▶ PROBLEM:
Find the line in the entries below that contains "Osmangazi’nin genç yüzücüleri". Repeat it exactly, and every line after it through the line that contains "The canvassers using".

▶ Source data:
+---+

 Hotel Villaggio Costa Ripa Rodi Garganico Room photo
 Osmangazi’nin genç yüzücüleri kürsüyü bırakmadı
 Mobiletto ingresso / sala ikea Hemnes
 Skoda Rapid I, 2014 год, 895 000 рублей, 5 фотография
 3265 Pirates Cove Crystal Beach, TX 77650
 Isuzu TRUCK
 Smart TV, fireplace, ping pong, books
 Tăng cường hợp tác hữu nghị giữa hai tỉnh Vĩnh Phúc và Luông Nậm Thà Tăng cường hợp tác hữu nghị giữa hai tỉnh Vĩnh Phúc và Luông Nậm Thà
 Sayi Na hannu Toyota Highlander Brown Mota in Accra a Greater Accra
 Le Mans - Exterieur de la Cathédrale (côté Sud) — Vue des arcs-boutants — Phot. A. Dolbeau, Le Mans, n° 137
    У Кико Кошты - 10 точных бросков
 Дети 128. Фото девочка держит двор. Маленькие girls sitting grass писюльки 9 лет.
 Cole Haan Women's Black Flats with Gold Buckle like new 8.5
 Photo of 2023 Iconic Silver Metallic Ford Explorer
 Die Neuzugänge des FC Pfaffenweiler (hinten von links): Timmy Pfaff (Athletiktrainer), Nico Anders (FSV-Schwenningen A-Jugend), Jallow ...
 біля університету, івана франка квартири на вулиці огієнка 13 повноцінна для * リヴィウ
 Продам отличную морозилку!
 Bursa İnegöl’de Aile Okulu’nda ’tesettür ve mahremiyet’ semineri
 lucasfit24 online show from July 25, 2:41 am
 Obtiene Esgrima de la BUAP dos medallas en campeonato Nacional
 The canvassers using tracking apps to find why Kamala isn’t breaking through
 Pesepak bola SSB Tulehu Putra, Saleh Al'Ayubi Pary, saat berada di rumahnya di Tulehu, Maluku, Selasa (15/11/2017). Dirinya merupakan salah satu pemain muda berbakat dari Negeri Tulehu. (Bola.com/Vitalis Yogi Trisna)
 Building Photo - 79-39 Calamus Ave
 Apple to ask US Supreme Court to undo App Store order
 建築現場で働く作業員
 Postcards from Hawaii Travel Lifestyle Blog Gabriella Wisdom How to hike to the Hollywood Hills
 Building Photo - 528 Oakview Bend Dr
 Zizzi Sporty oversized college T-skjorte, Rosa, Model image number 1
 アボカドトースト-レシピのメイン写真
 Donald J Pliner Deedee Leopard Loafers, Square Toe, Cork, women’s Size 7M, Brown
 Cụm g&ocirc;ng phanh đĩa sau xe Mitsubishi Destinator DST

+---+

▶ EXERCISE RESULT:
 Osmangazi’nin genç yüzücüleri kürsüyü bırakmadı
 Mobiletto ingresso / sala ikea Hemnes
 Skoda Rapid I, 2014 год, 895 000 рублей, 5 фотография
 3265 Pirates Cove Crystal Beach, TX 77650
 Isuzu TRUCK
 Smart TV, fireplace, ping pong, books
 Tăng cường hợp tác hữu nghị giữa hai tỉnh Vĩnh Phúc và Luông Nậm Thà Tăng cường hợp tác hữu nghị giữa hai tỉnh Vĩnh Phúc và Luông Nậm Thà
 Sayi Na hannu Toyota Highlander Brown Mota in Accra a Greater Accra
 Le Mans - Exterieur de la Cathédrale (côté Sud) — Vue des arcs-boutants — Phot. A. Dolbeau, Le Mans, n° 137
    У Кико Кошты - 10 точных бросков
 Дети 128. Фото девочка держит двор. Маленькие girls sitting grass писюльки 9 лет.
 Cole Haan Women's Black Flats with Gold Buckle like new 8.5
 Photo of 2023 Iconic Silver Metallic Ford Explorer
 Die Neuzugänge des FC Pfaffenweiler (hinten von links): Timmy Pfaff (Athletiktrainer), Nico Anders (FSV-Schwenningen A-Jugend), Jallow ...
 біля університету, івана франка квартири на вулиці огієнка 13 повноцінна для * リヴィウ
 Продам отличную морозилку!
 Bursa İnegöl’de Aile Okulu’nda ’tesettür ve mahremiyet’ semineri
 lucasfit24 online show from July 25, 2:41 am
 Obtiene Esgrima de la BUAP dos medallas en campeonato Nacional
 The canvassers using tracking apps to find why Kamala isn’t breaking through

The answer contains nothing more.